Rassi requested an extraordinary audience and said to the Prince:
"Would Your Highness be willing to give a hundred thousand francs to know definitely in what manner his august father met his death?
With that sum, the authorities would be in a position to arrest the guilty parties, if such exist."
The Prince's reply left no room for doubt.
A little while later, Cecchina informed the Duchessa that she had been offered a large sum to allow her mistress's diamonds to be examined by a jeweller; she had indignantly refused.
The Duchessa scolded her for having refused; and, a week later, Cecchina had the diamonds to shew.
On the day appointed for this exhibition of the diamonds, the Conte posted a couple of trustworthy men at every jeweller's in Parma, and towards midnight he came to tell the Duchessa that the inquisitive jeweller was none other than Rassi's brother.
The Duchessa, who was very gay that evening (they were playing at the Palace a commedia dell'arte, that is to say one in which each character invents the dialogue as he goes on, only the plot of the play being posted up in the green-room), the Duchessa, who was playing a part, had as her lover in the piece Conte Baldi, the former friend of the Marchesa Raversi, who was present.
The Prince, the shyest man in his States, but an extremely good looking youth and one endowed with the tenderest of hearts, was studying Conte Baldi's part, which he intended to take at the second performance.
"I have very little time," the Duchessa told the Conte; "I am appearing in the first scene of the second act: let us go into the guard-room."

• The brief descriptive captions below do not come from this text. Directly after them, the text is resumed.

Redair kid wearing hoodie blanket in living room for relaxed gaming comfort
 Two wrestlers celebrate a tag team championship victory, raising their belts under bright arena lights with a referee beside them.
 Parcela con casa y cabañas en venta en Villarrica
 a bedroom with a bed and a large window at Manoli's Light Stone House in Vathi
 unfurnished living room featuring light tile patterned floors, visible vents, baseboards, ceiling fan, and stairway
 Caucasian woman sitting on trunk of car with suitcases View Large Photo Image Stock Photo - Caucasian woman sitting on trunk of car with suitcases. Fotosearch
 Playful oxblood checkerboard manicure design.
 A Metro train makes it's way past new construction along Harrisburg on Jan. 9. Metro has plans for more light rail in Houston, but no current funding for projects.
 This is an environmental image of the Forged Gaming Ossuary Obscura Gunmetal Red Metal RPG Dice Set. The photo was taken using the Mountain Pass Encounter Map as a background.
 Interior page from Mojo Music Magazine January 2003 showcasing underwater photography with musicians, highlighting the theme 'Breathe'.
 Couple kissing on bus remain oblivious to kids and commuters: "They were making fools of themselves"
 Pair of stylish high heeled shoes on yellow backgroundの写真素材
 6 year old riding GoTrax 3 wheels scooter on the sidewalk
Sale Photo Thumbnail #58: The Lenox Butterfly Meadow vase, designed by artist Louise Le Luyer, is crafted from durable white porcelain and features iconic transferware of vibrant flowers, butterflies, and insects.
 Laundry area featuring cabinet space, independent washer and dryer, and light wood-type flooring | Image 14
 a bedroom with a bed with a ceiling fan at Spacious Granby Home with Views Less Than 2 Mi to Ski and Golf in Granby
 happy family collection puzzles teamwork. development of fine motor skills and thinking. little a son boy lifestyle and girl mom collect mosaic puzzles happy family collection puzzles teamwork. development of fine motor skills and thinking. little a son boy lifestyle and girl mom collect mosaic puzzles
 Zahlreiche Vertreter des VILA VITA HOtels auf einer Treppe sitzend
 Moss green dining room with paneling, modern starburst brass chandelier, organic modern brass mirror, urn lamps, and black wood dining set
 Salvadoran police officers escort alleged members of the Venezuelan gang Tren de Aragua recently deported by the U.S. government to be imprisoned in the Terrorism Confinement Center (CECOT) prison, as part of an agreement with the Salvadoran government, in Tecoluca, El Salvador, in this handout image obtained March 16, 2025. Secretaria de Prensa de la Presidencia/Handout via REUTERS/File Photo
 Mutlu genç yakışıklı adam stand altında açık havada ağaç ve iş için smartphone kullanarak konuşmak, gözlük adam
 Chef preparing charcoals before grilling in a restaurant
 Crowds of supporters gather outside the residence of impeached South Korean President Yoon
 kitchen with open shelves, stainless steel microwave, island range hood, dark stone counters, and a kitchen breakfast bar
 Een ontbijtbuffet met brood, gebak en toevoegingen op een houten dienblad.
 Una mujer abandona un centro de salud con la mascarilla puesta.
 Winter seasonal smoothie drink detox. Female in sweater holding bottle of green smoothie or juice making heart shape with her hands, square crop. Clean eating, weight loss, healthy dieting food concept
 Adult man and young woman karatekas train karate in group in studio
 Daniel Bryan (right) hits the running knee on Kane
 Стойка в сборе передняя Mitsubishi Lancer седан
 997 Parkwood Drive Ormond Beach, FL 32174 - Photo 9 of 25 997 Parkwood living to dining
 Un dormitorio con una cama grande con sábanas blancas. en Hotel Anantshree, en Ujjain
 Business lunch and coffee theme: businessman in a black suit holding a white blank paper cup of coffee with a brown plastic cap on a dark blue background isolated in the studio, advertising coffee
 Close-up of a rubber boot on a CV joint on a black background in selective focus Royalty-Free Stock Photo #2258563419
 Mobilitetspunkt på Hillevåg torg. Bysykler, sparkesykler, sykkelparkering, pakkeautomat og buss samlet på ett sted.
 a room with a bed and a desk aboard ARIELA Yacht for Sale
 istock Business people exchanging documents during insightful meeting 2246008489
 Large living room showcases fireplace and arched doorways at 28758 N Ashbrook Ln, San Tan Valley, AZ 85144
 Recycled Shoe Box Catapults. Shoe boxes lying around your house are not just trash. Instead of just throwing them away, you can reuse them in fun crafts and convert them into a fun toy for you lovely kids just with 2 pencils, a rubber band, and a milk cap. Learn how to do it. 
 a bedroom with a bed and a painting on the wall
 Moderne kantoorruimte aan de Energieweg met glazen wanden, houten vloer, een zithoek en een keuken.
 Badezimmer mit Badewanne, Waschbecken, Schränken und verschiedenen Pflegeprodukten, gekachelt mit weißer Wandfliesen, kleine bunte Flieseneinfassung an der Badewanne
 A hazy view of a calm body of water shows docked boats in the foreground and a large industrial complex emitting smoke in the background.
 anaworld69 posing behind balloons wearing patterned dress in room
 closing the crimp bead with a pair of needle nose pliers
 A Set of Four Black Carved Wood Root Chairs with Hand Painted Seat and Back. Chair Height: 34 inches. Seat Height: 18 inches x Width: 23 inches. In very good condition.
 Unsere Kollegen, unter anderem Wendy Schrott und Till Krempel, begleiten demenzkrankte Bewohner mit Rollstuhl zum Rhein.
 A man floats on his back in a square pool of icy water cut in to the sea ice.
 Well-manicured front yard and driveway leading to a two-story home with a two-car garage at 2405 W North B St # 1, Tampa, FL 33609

There, surrounded by a score of the body-guard, all wide awake and closely attentive to the conversation between the Prime Minister and the Grand Mistress, the Duchessa said with a laugh to her friend:
"You always scold me when I tell you unnecessary secrets.
It was I who summoned Ernesto V to the throne; it was a question of avenging Fabrizio, whom I loved then far more than I do to-day, although always quite innocently.
I know very well that you have little belief in my innocence, but that does not matter, since you love me in spite of my crimes.